The heads for a ductless system can be mounted on a wall (Figure 1) or concealed in a ceiling. (Figure 2).

Wall-mounted ductless heatpump
Figure 1. A wall-mounted ductless air handler for a ductless heat pump system. (Image courtesy of CalcsPlus)

Ductless air handler
Figure 2.  The ductless air handler of a ductless heat pump can be mounted above the ceiling so that only the register is visible. (Image courtesy of CalcsPlus)

Digitally controlled inverter compressor
Figure 3. The ductless heat pump’s digitally controlled inverter compressor allows the system to ramp down to as low as 10% of rated capacity. (Image courtesy of CalcsPlus)

Not having ducts provides additional energy savings for mini split systems. They avoid the energy losses associated with the ductwork of central forced air systems. These losses come in the form of fan energy from the large fan needed to push air through a home’s duct system, heat gain or loss when ducts are run through unconditioned spaces, and loss of pressure loss of conditioned air through duct leaks. Losses related to duct systems can account for more than 30% of energy consumption.

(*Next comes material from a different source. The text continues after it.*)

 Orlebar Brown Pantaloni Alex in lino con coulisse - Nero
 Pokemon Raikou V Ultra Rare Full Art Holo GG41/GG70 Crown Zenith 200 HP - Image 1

Correctly sizing each indoor unit (head) to the outdoor unit and the room load is imperative for efficient operation. Correctly locating the heads is also important for air delivery to the desired location. Oversized or incorrectly located air handlers can result in short cycling, which wastes energy and does not provide proper temperature or humidity control. A system that is too large will be more expensive to buy and operate. A heat gain/loss calculation should be conducted as described in ACCA Manual J to identify the correct system size.

Zoning can easily be accomplished by using multiple heads. Each head (air handler) is individually controlled by its own wireless thermostat, which also communicates with the outdoor unit.

3 zone ductless mini-split system
Figure 4. A three-zone ductless mini-split system consisting of two wall-mounted and one ceiling-mounted indoor ductless units and one outdoor unit. (Image courtesy of CalcsPlus)

The three-zone ductless mini-split system in Figure 4 conditions the two bedrooms upstairs and the living room downstairs. While the system shown in this scenario could include additional ductless heads to condition the kitchen, the office, and the bathroom, these additional units would provide more capacity than is needed to condition the small spaces and the extra units would add considerably to the overall cost of the system. Another option, available from several manufacturers, is a mini-split air handler with short ducts to provide conditioned air to several nearby rooms at once, such as bedrooms, bathrooms, offices, or storage rooms. The air handler is typically a horizontal unit, although some manufacturers make vertical units. The air handler has a larger blower motor to move air through the supply ducts and it also has a ducted return.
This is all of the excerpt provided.